On est en Juin 2000 et Irv Gotti finit de jouer Rule 3:36 – le second album de Ja Rule – à Lyor Cohen (le président de Def Jam de l’époque) et Kevin Liles.
« C’est nul à chier Irv… C’est même pas hip-hop, tu vas nous faire perdre notre argent avec ça. »
Certainement le meilleur D.A. de sa génération, Irv Gotti n’a pas l’habitude qu’on le contredise . Merde quoi, Irving a quand même fait signer DMX et Jay-Z en 1997 sur Def Jam au moment même où le label était en perte de vitesse. Il a aussi produit le premier album de Ja Rule « Venni Vetti Vecci » (1999) tout en chopant un disque de platine au passage.
Les 3 nouvelles recrues de Def Jam (Ja Rule, Jay-Z et DMX) repérées par Irv Gotti devaient aussi accessoirement faire un album en tant que supergroupe, ça n’a pas fonctionné car Jay-Z et DMX ne pouvaient pas s’encadrer.
Au milieu des années 90, Irving Lorenzo, natif de Hollis, Queens, le quartier de Run DMC, se fait appeler DJ Irv. Il roule sa bosse et produit des disques ici ou là. Mais pas que, Irv acquiert une position de consigliere, une éminence grise qui oriente et conseille ses amis rappeurs. On peut le voir dans le clip de « Flava In Ya Ear (remix) » de Biggie et Craig Mack ou « Ain’t No Nigga » de Jay-Z et Foxy Brown. C’est d’ailleurs ce titre qui a suscité l’attention de Lyor Cohen qui lui proposera une position de D.A. pour Def Jam. Lors d’un entretien Cohen lui demandera d’ailleurs :
« Où tu te vois dans 5 ans ?» ce à quoi Irv Gotti répondra « Occupe-toi de tes oignons » avant d’ajouter « Mon plan dans 5 ans, c’est de tout détruire et de prendre ta place »

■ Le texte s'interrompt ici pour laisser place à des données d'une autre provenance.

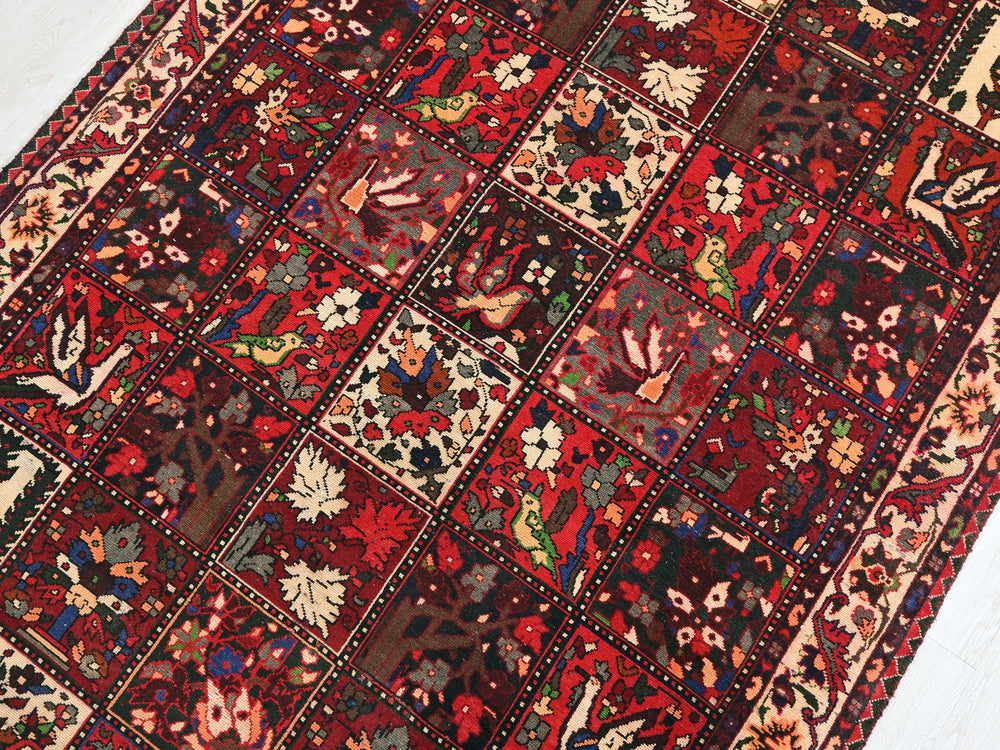 a red rug with many different designs on it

Ca tombait à pic, Def Jam avait besoin de sang neuf, timping parfait pour Gotti. Le label jadis légendaire était à l’agonie : un roster d’artistes vieillissants et/ou relous sans réel charisme, avec LL Cool J pour seul survivant. Bref, Irv en nouvel architecte du « son Def Jam » rendra sa dignité au label et pour le récompenser on lui offra sa propre structure, Murder Inc, hebergé par la maison mère Def Jam. Pour Irv c’était synonyme de liberté et d’autonomie sauf qu’on lui demandait déjà gentiment d’avorter un projet sur lequel il avait durement travaillé, et dont il était surtout convaincu du succès :
« Toutes les rates de L.A. ADORENT Rule 3:36 » rétorqua Irv.
Liles et Cohen n’en ont pas grand chose à foutre et lui ordonnent de refaire tout l’album dans les plus brefs délais. Des ordres qu’il s’empresse de ne pas mettre à exécution. Def Jam finit par céder et lui accorde un pressage de 10 000 copies du premier single de l’album : « Between Me & You » en featuring avec Christina Milian. Dérisoire. Mais il en faut plus pour décourager Gotti qui s’empresse de faire appel à son réseau : directeurs de programmation de radio, journalistes, etc…
« J’ai totalement baissé mon froc pour que le titre passe en radio, j’étais genre ‘les mecs si vous aimez, n’hésitez pas à le jouer, s’il vous plaît, j’y tiens’ et mec… qu’est-ce qu’ils l’ont joué ! » – Irv Gotti.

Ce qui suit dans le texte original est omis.